Confirmation of ZEN-14-S, ZEN-14-G, and ZEN-16-G structure was conducted by nuclear magnetic resonance spectroscopy (NMR). NMR spectra were recorded in DMSO-d₆ on a Bruker Avance 600 MHz WB NMR spectrometer (Bruker BioSpin GmbH, Rheinstetten, Germany) equipped with a 5 mm BBI 600 MHz W2 (Z-gradient, BTO) probehead for ¹H and 2D measurements as well as a 5 mm BBO 600 MHz W2 (BTO) probehead for ¹³C NMR, operating at 600.2 MHz for ¹H and 150.9 MHz for ¹³C. Data were recorded using TopSpin 2.1 and evaluated by means of TopSpin 3.1 software (Bruker BioSpin GmbH, Rheinstetten, Germany). Chemical shifts were established based on ¹H and ¹³C signals of TMS = 0 ppm (tetramethylsilane).

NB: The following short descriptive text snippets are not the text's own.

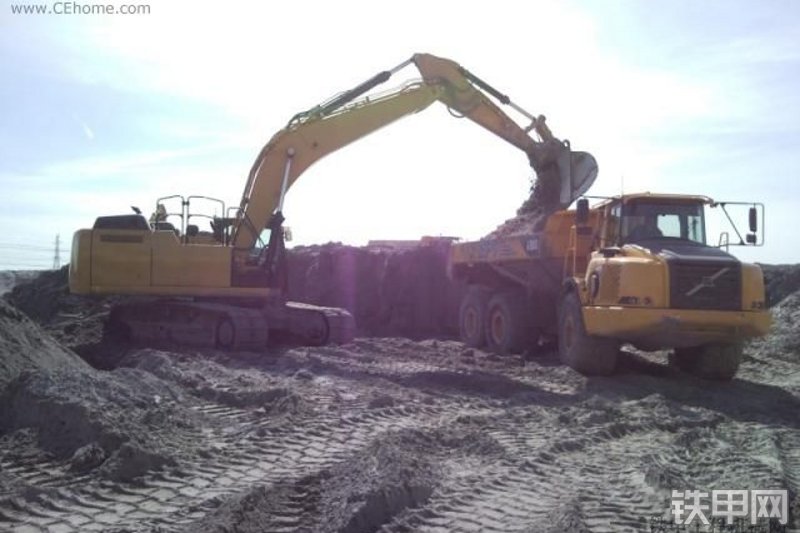 卡特彼勒336E挖掘机整机外观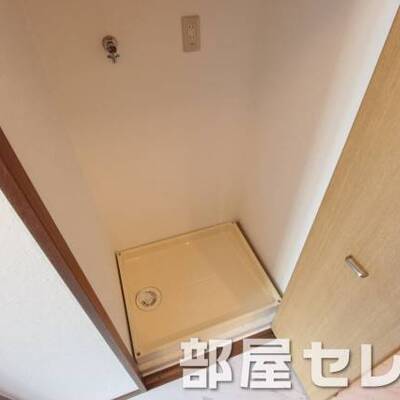 
						室内洗濯置場で雨の日も安心。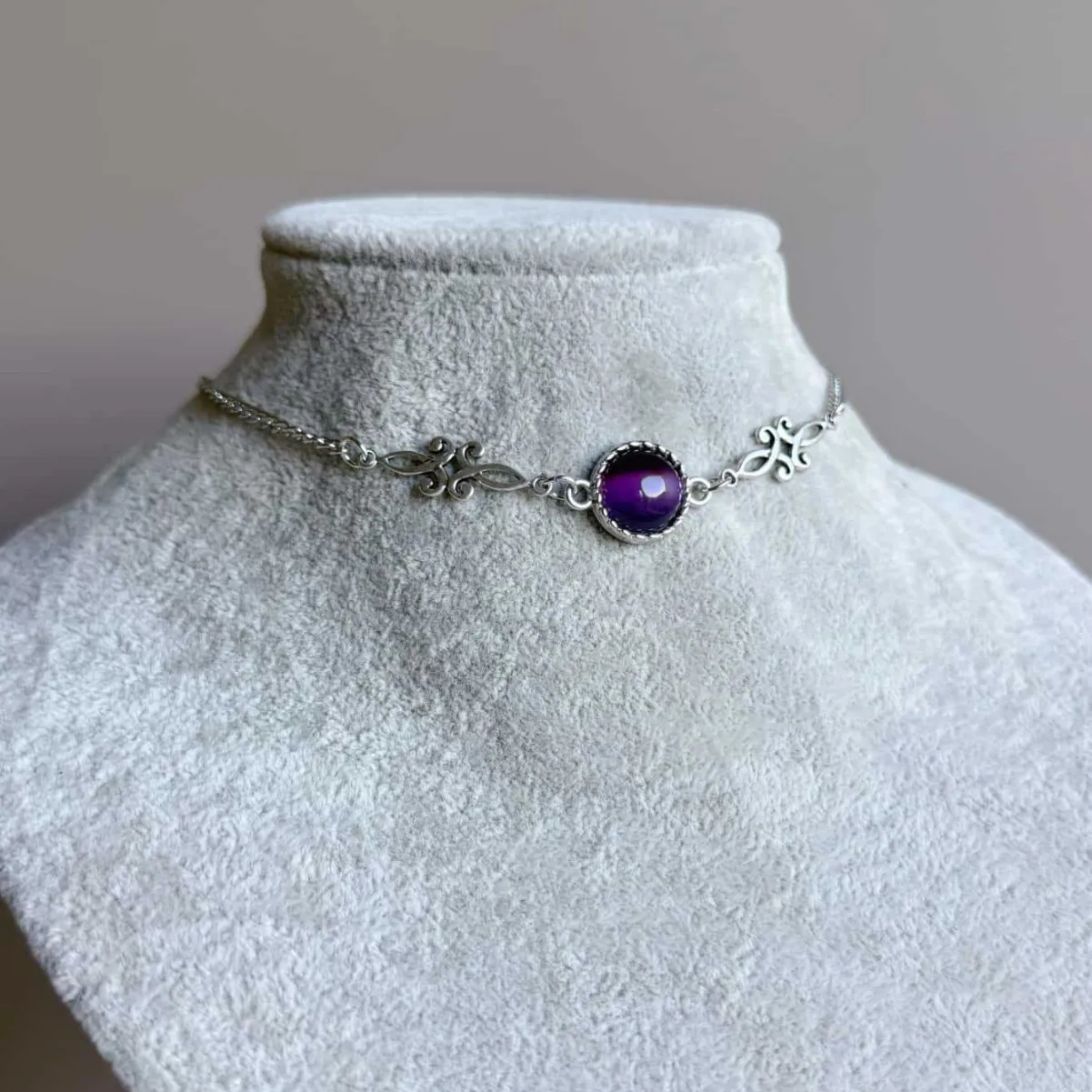Celtic Carved Choker For Women Girls Fashion Witchcraft Jewelry Vintage Accessories Gift Purple Stone Holy Hand Fairy Necklace
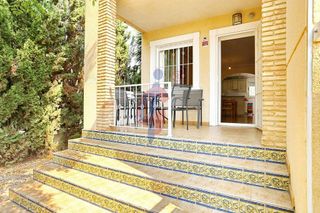 Casa adosada en venta en Urbanizaciones en Guardamar del Segura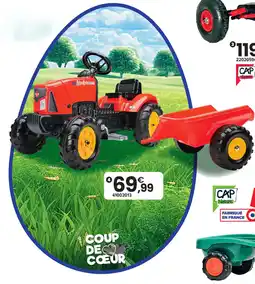 JouéClub Tracteur à pédales avec capot ouvrant offre
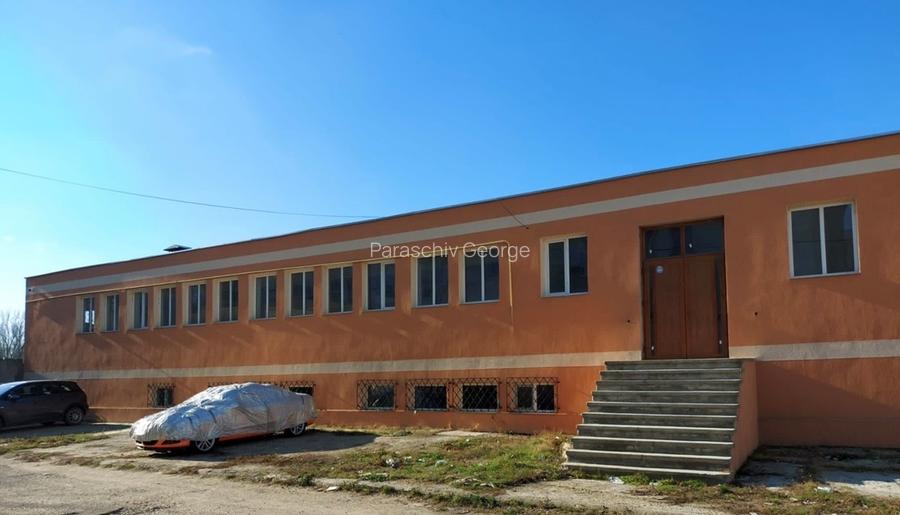 Teren + clădire de vânzare - 4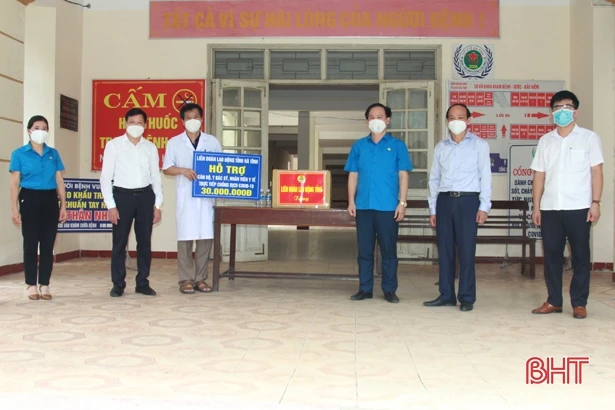 Công đoàn Hà Tĩnh hỗ trợ 383 triệu đồng cho đơn vị tuyến đầu, người lao động bị ảnh hưởng dịch Covid-19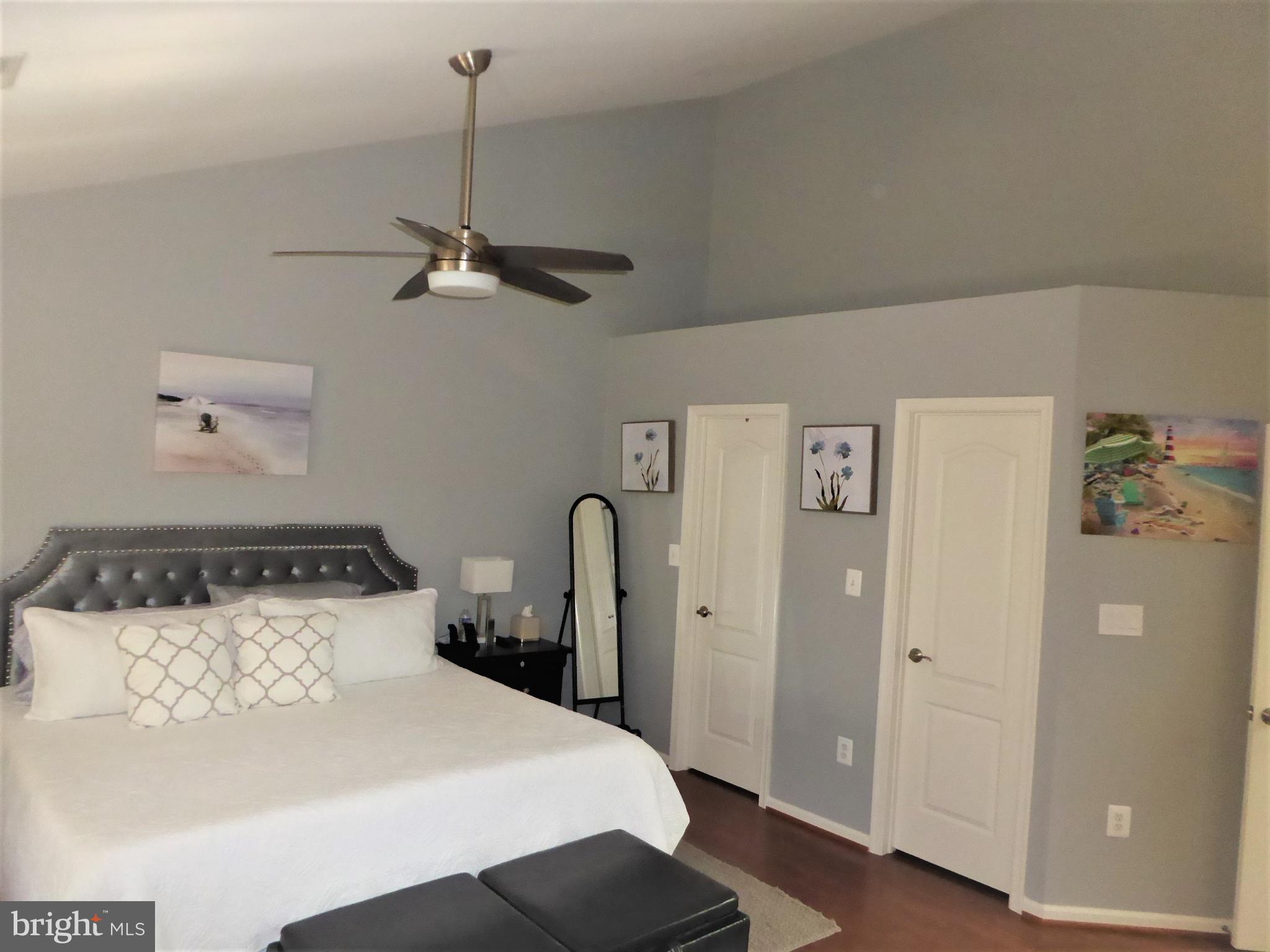 HALPINE SQUARE - Residential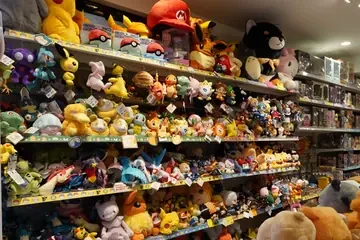 ジャパンゾン浅草店のフィギュア・ぬいぐるみ売り場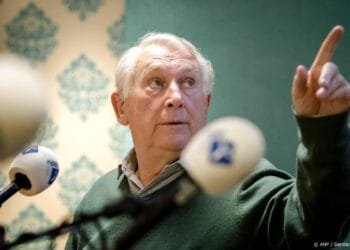Tv-presentator Koos Postema (93) overleden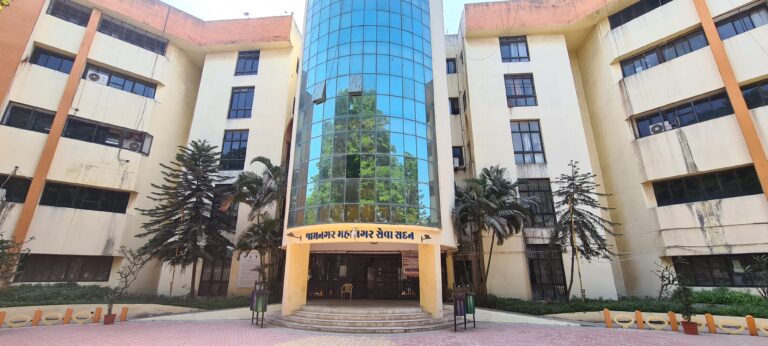 જામનગરમાં બાંધકામ સાઈટ્સ પર કડક કાર્યવાહી.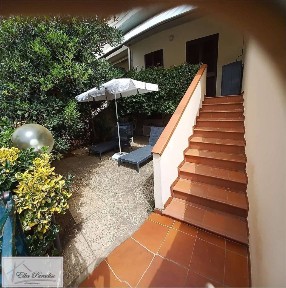 Terratetto unifamiliare via John Fitzgerald Kennedy, 64, Porto Azzurro
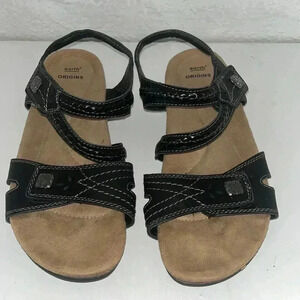 Earth Origins Bosk Benson Leather Ankle
Strap Sandals Woman's 8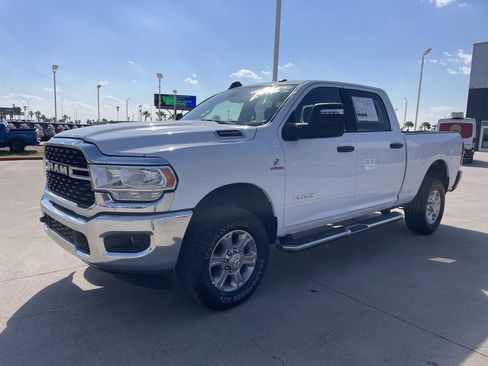Used 2024 RAM 2500 Big Horn image 6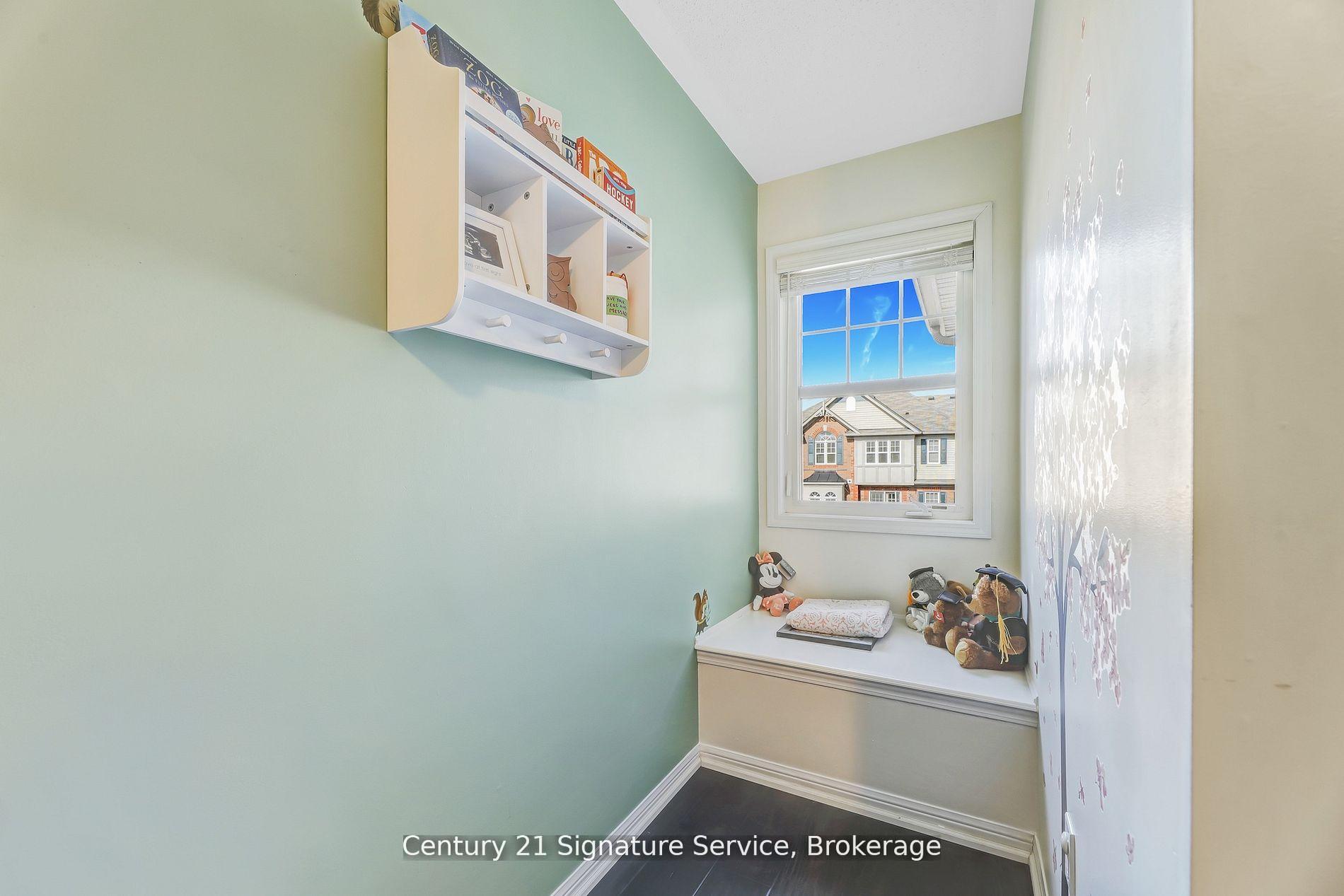 Photo 15 of 625 Attenborough Terrace, Milton, Willmott — HOMEH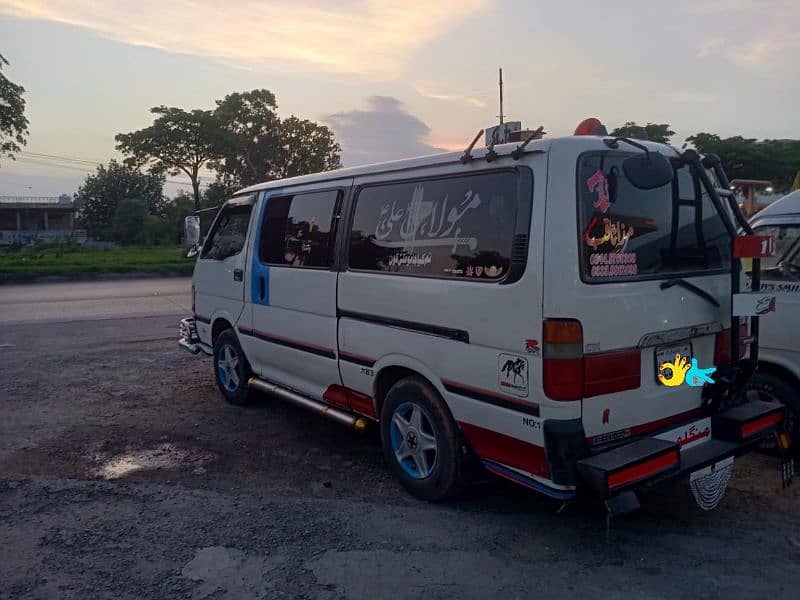 Toyota hiace 1991 modle kota 13 petrol / cng 1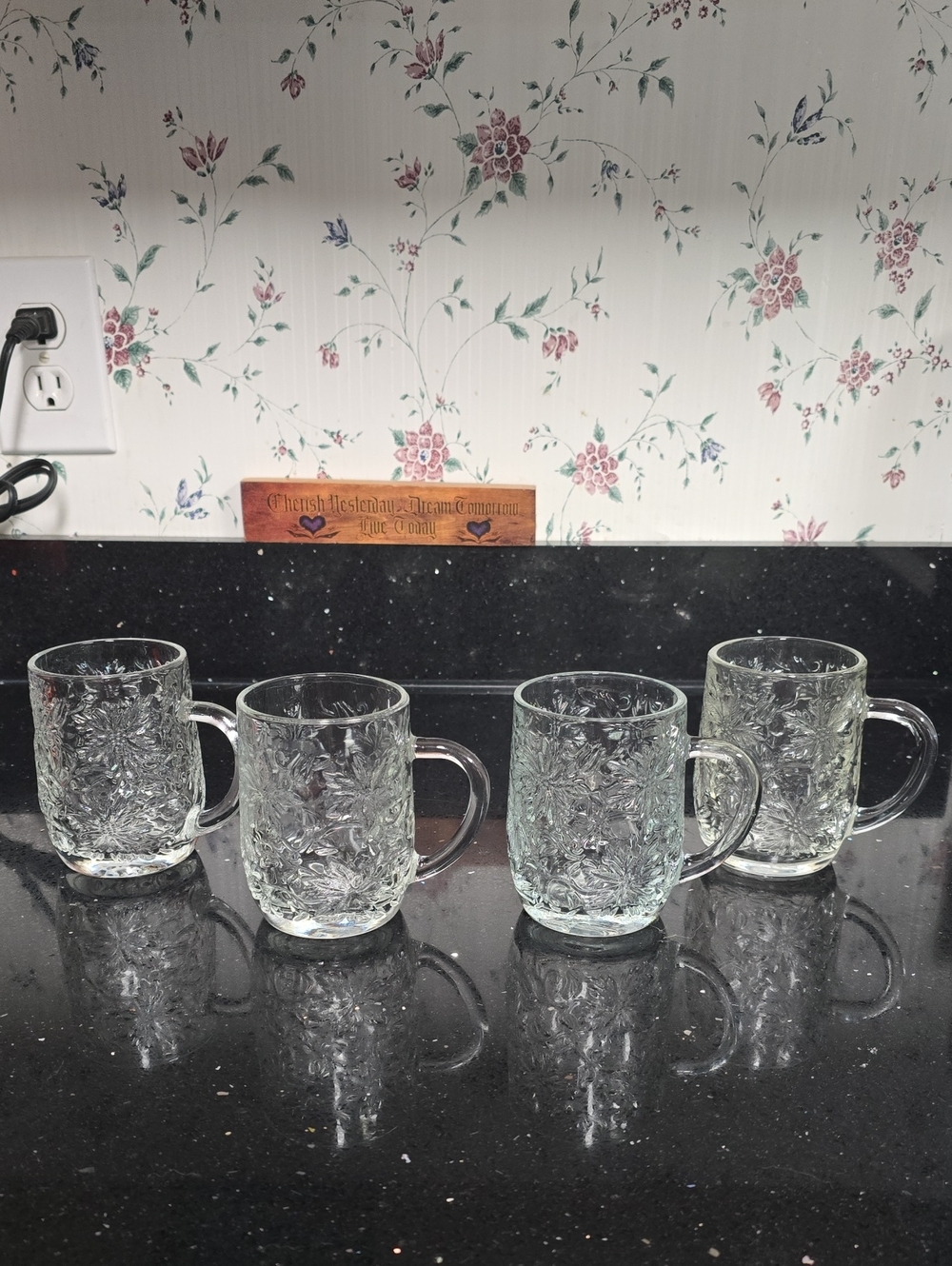 Like New. Prince House Fantasia Coffee Mugs - Set of 4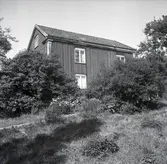 Bostadshus i två våningar på Älö.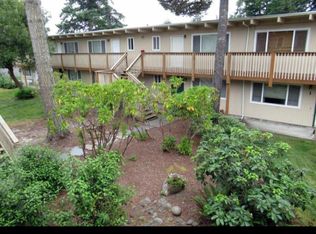 1040 10th St #4, Florence, OR 97439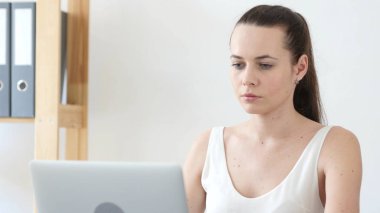 Dizüstü bilgisayarda çalışan genç yaratıcı kadın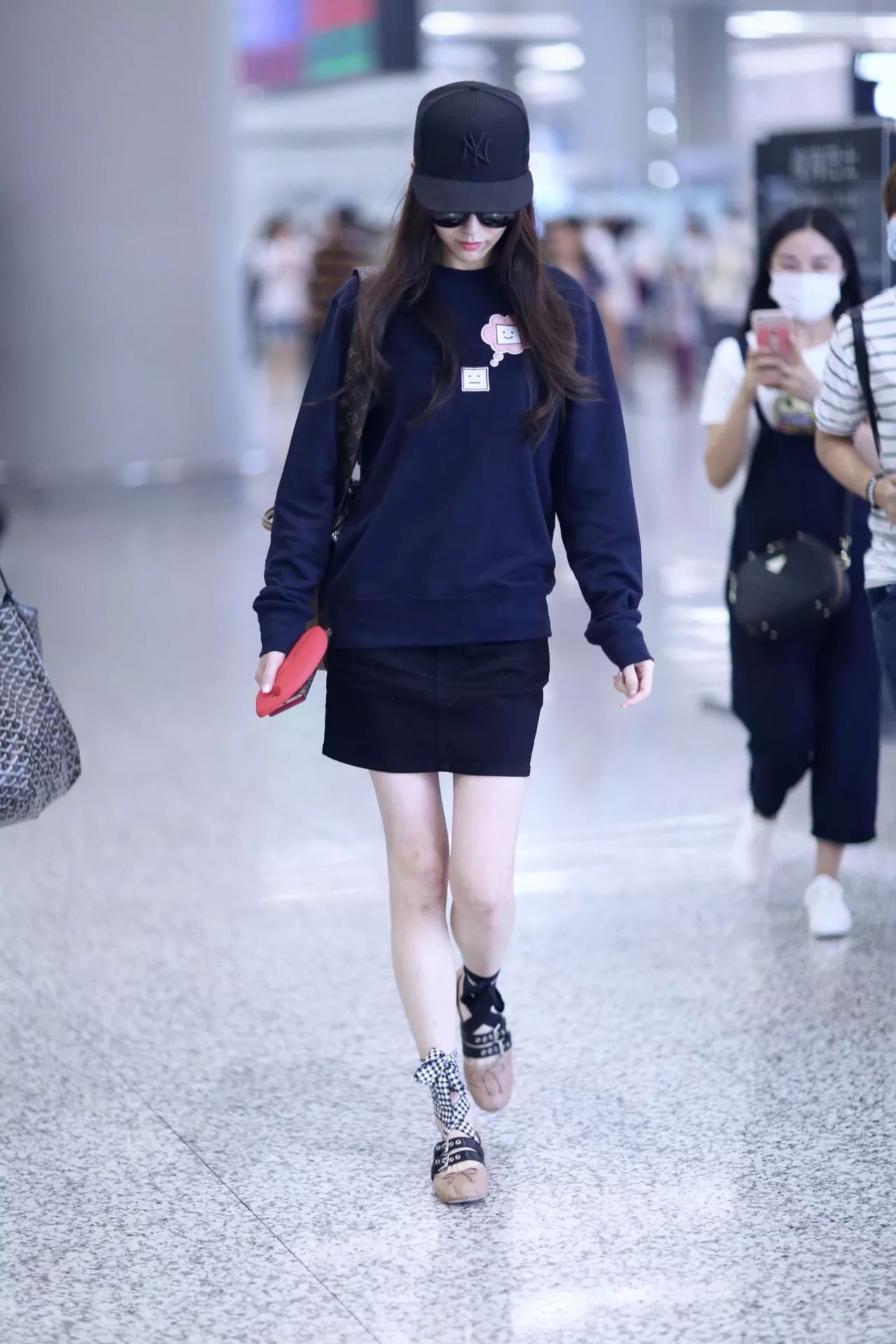 这5双鞋子秋天穿高级又时髦,今年悄悄流行的5双鞋你都知道吗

To evaluate the purities of the synthesized standards ¹H-qNMR were conducted using trimesic acid trimethyl ester as standard.

5.8. Purity of ZEN-14-S, ZEN-14-G and ZEN-16-G

The purity was determined by HPLC-UV. The analyses were performed on a system from Agilent Technologies (Waldbronn, Germany) with a 1260 infinity quaternary pump, a 1100 series autosampler and a 1200 series column oven connected to a 1200 series DAD. The analytical column was a Gemini C18-NX (150 mm × 2.0 mm, paricle size 3 µm, pore size 110 Å) in combination with a corresponding guard column (Phenomenex, Aschaffenburg, Germany). The column temperature was set to 35 °C. Solvent A was water with 5 mM ammonium acetate and solvent B acetonitrile/water (99:1; v/v) with 5 mM ammonium acetate. The gradient used was as follows: 0–3 min isocratic with 10% B, switch from 3–3.1 min to 25% B, 3.1–16 min isocratic with 25% B, 16–25 min linear to 100% B, isocratic 25–29 min 100% B, shifting back to 10% B from 29–29.1 min and reconditioning from 29.1–36 min. The flow rate of the mobile phase was 0.25 mL/min and 20 µL was used as standard injection volume.